Collected data
************

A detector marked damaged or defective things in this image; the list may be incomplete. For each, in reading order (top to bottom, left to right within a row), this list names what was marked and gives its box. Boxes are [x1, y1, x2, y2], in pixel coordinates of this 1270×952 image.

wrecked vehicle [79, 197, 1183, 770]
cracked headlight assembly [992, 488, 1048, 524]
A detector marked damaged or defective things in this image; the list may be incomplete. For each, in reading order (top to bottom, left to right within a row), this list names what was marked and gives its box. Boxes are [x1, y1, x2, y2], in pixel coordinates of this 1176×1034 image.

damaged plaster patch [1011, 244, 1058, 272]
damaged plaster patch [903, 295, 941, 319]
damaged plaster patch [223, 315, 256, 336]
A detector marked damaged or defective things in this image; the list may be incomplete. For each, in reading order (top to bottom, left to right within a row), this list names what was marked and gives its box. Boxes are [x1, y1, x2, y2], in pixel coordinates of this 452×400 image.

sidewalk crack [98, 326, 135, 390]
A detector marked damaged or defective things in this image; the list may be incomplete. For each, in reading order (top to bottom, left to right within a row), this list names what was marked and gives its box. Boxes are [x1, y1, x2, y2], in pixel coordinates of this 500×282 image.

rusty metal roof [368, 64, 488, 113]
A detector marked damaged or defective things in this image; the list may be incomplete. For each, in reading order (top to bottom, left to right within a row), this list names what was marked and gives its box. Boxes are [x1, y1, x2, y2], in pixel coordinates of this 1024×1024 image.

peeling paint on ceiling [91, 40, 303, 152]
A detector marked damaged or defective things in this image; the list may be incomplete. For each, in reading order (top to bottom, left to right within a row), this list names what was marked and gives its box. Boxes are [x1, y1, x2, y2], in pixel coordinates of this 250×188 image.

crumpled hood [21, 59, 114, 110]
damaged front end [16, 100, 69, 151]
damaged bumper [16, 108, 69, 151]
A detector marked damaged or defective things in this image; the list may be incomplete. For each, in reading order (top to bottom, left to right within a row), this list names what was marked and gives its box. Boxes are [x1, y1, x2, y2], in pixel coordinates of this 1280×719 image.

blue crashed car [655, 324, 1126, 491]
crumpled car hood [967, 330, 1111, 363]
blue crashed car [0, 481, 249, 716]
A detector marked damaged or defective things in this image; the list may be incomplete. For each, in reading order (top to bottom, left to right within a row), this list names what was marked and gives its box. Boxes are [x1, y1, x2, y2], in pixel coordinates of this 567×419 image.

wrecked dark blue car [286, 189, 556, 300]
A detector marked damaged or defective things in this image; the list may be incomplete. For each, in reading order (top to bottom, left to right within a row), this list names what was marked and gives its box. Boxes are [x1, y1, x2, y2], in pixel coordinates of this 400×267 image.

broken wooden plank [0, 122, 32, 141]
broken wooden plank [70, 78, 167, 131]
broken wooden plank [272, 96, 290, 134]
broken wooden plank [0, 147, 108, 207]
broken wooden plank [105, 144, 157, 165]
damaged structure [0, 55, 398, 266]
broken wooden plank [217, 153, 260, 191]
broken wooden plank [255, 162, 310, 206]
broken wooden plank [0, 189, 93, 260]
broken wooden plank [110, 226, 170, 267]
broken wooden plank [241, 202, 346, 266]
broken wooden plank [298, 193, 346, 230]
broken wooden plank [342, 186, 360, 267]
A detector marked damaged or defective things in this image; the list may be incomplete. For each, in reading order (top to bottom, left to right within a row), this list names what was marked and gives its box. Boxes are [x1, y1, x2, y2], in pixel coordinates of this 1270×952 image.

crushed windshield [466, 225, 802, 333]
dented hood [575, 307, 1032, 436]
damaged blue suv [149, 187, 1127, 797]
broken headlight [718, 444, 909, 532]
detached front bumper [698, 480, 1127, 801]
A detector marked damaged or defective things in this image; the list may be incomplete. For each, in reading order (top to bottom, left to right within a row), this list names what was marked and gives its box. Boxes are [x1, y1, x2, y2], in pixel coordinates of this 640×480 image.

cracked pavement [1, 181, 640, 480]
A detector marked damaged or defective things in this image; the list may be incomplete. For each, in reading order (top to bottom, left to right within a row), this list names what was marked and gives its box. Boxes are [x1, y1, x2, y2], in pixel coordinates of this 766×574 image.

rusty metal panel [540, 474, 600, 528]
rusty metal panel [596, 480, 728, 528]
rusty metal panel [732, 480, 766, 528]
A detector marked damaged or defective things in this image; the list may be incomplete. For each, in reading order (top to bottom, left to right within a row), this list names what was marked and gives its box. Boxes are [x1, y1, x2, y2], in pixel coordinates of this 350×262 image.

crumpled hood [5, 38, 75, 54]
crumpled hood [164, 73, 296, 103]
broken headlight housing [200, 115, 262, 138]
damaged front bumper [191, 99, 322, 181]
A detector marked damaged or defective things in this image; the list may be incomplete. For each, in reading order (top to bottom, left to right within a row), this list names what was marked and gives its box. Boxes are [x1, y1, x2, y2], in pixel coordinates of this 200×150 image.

************

TASK DESCRIPTION:
All the entries must be retyped exactly.

SOLUTION TO THE EXERCISE:
A detector marked damaged or defective things in this image; the list may be incomplete. For each, in reading order (top to bottom, left to right within a row), this list names what was marked and gives its box. Boxes are [x1, y1, x2, y2], in pixel coordinates of this 1270×952 image.

wrecked vehicle [79, 197, 1183, 770]
cracked headlight assembly [992, 488, 1048, 524]
A detector marked damaged or defective things in this image; the list may be incomplete. For each, in reading order (top to bottom, left to right within a row), this list names what was marked and gives its box. Boxes are [x1, y1, x2, y2], in pixel coordinates of this 1176×1034 image.

damaged plaster patch [1011, 244, 1058, 272]
damaged plaster patch [903, 295, 941, 319]
damaged plaster patch [223, 315, 256, 336]
A detector marked damaged or defective things in this image; the list may be incomplete. For each, in reading order (top to bottom, left to right within a row), this list names what was marked and gives its box. Boxes are [x1, y1, x2, y2], in pixel coordinates of this 452×400 image.

sidewalk crack [98, 326, 135, 390]
A detector marked damaged or defective things in this image; the list may be incomplete. For each, in reading order (top to bottom, left to right within a row), this list names what was marked and gives its box. Boxes are [x1, y1, x2, y2], in pixel coordinates of this 500×282 image.

rusty metal roof [368, 64, 488, 113]
A detector marked damaged or defective things in this image; the list may be incomplete. For each, in reading order (top to bottom, left to right within a row), this list names what was marked and gives its box. Boxes are [x1, y1, x2, y2], in pixel coordinates of this 1024×1024 image.

peeling paint on ceiling [91, 40, 303, 152]
A detector marked damaged or defective things in this image; the list may be incomplete. For each, in reading order (top to bottom, left to right within a row), this list names what was marked and gives its box. Boxes are [x1, y1, x2, y2], in pixel coordinates of this 250×188 image.

crumpled hood [21, 59, 114, 110]
damaged front end [16, 100, 69, 151]
damaged bumper [16, 108, 69, 151]
A detector marked damaged or defective things in this image; the list may be incomplete. For each, in reading order (top to bottom, left to right within a row), this list names what was marked and gives its box. Boxes are [x1, y1, x2, y2], in pixel coordinates of this 1280×719 image.

blue crashed car [655, 324, 1126, 491]
crumpled car hood [967, 330, 1111, 363]
blue crashed car [0, 481, 249, 716]
A detector marked damaged or defective things in this image; the list may be incomplete. For each, in reading order (top to bottom, left to right within a row), this list names what was marked and gives its box. Boxes are [x1, y1, x2, y2], in pixel coordinates of this 567×419 image.

wrecked dark blue car [286, 189, 556, 300]
A detector marked damaged or defective things in this image; the list may be incomplete. For each, in reading order (top to bottom, left to right within a row), this list names what was marked and gives its box. Boxes are [x1, y1, x2, y2], in pixel coordinates of this 400×267 image.

broken wooden plank [0, 122, 32, 141]
broken wooden plank [70, 78, 167, 131]
broken wooden plank [272, 96, 290, 134]
broken wooden plank [0, 147, 108, 207]
broken wooden plank [105, 144, 157, 165]
damaged structure [0, 55, 398, 266]
broken wooden plank [217, 153, 260, 191]
broken wooden plank [255, 162, 310, 206]
broken wooden plank [0, 189, 93, 260]
broken wooden plank [110, 226, 170, 267]
broken wooden plank [241, 202, 346, 266]
broken wooden plank [298, 193, 346, 230]
broken wooden plank [342, 186, 360, 267]
A detector marked damaged or defective things in this image; the list may be incomplete. For each, in reading order (top to bottom, left to right within a row), this list names what was marked and gives its box. Boxes are [x1, y1, x2, y2], in pixel coordinates of this 1270×952 image.

crushed windshield [466, 225, 802, 333]
dented hood [575, 307, 1032, 436]
damaged blue suv [149, 187, 1127, 797]
broken headlight [718, 444, 909, 532]
detached front bumper [698, 480, 1127, 801]
A detector marked damaged or defective things in this image; the list may be incomplete. For each, in reading order (top to bottom, left to right within a row), this list names what was marked and gives its box. Boxes are [x1, y1, x2, y2], in pixel coordinates of this 640×480 image.

cracked pavement [1, 181, 640, 480]
A detector marked damaged or defective things in this image; the list may be incomplete. For each, in reading order (top to bottom, left to right within a row), this list names what was marked and gives its box. Boxes are [x1, y1, x2, y2], in pixel coordinates of this 766×574 image.

rusty metal panel [540, 474, 600, 528]
rusty metal panel [596, 480, 728, 528]
rusty metal panel [732, 480, 766, 528]
A detector marked damaged or defective things in this image; the list may be incomplete. For each, in reading order (top to bottom, left to right within a row), this list names what was marked and gives its box. Boxes are [x1, y1, x2, y2], in pixel coordinates of this 350×262 image.

crumpled hood [5, 38, 75, 54]
crumpled hood [164, 73, 296, 103]
broken headlight housing [200, 115, 262, 138]
damaged front bumper [191, 99, 322, 181]
A detector marked damaged or defective things in this image; the list may be incomplete. For each, in reading order (top to bottom, left to right within a row), this list names what was marked and gives its box. Boxes are [x1, y1, x2, y2], in pixel coordinates of this 200×150 image.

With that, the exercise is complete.